BBC Children in Need has devised a new strategy for its small and main grants programmes.
The charity, which raised a record on-the-night total of £26.7m from its latest TV appeal in November, said it wanted to respond to applications more quickly.
The main programme, for which the application deadline is 15 May, will make grants of more than £10,000 over three years. It has no upper limit, but makes few grants of more than £100,000.
The small grants programme, which closes to applications on 1 June, awards funding of less than £10,000 over one year. Grants are awarded to UK charities and non-profit organisations that work with disadvantaged children and young people.
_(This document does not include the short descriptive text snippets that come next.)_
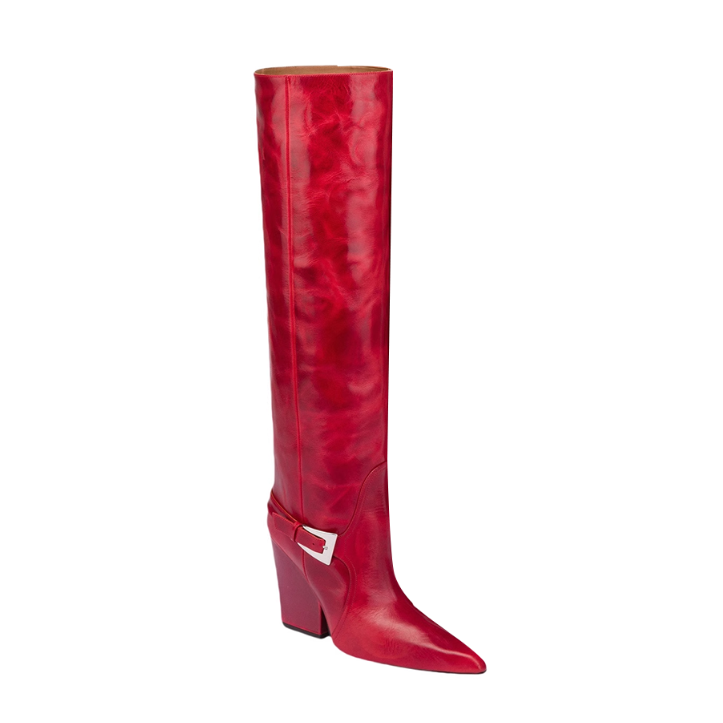 ZAVOR Buckled Block Heel Knee High Boots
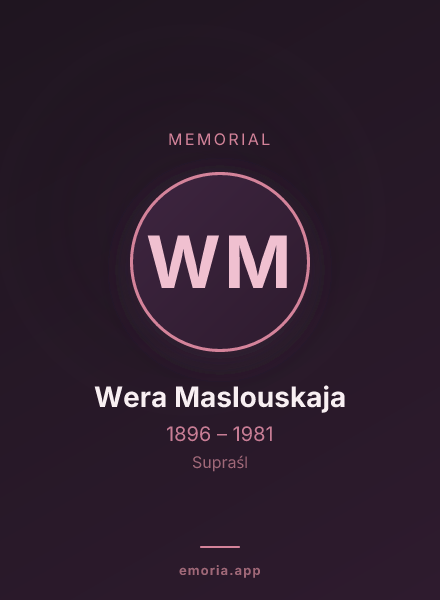 Memorial portrait of Wera Maslouskaja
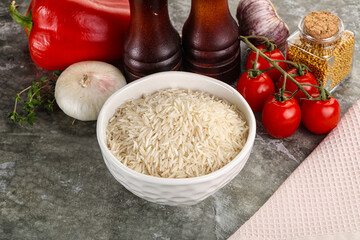 Raw delicous basmati rice heap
Under the new strategy, at least 100 more small grants will be made this year. In 2012, the charity awarded 650 small grants, it said. The programme will have five grant rounds a year, instead of the previous four, and the response time is being reduced from 14 weeks to between eight and 10.
A spokeswoman for Children in Need was unable to confirm the total amount of funding available under either programme.
For main grants, a two-stage application process has been introduced, with four deadlines a year. Charities will find out within four weeks whether they have progressed to the full application stage, rather than having to wait 12 weeks for a final decision, as before.
Children in Need said the changes would help it to better quantify and describe the impact of its grant-making on children’s lives. The charity said there would be more focus on "learning relationships" with grant holders about the factors that support and inhibit success in the work it funds.
Sheila-Jane Malley, the charity’s director of grants and policy, said: "We constantly review our grant-making, and the new strategy is to make sure we are as straightforward and streamlined as possible for organisations to access."